◆ Required work:
Go through the data below and copy each line where the word "Image" occurs.

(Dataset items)

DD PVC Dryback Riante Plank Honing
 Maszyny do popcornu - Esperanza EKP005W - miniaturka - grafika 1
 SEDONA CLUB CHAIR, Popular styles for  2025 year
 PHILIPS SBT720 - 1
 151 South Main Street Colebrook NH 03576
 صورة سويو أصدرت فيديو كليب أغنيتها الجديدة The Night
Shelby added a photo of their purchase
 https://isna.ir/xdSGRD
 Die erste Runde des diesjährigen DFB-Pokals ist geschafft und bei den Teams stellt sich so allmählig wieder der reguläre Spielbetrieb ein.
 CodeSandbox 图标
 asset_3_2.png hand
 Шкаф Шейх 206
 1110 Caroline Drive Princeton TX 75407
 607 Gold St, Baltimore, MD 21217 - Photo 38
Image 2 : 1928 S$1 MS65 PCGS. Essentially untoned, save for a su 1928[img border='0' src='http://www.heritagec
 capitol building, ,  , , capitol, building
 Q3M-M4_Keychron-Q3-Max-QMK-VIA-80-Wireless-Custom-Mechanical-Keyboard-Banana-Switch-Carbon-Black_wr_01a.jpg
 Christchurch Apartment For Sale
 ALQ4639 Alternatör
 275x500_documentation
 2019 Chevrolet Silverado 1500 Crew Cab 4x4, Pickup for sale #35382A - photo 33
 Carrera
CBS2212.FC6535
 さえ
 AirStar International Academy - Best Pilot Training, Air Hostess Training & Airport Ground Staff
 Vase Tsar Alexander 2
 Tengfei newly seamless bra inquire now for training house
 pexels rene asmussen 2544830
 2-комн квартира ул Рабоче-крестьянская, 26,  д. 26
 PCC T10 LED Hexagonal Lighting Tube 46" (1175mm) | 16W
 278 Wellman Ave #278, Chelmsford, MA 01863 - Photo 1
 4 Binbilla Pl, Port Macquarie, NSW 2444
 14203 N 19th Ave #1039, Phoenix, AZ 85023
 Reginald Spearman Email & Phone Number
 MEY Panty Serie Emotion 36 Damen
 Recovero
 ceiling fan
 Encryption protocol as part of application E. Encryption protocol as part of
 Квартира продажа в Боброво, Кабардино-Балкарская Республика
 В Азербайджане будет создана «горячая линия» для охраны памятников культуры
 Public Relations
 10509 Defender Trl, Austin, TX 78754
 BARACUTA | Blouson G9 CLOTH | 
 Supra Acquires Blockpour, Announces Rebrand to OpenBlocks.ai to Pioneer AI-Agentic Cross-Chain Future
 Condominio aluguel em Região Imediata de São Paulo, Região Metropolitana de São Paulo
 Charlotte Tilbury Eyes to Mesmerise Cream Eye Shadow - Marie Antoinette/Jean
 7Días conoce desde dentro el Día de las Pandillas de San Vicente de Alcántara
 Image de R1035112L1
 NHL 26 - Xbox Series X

◆ Your response:
Image 2 : 1928 S$1 MS65 PCGS. Essentially untoned, save for a su 1928[img border='0' src='http://www.heritagec
 Image de R1035112L1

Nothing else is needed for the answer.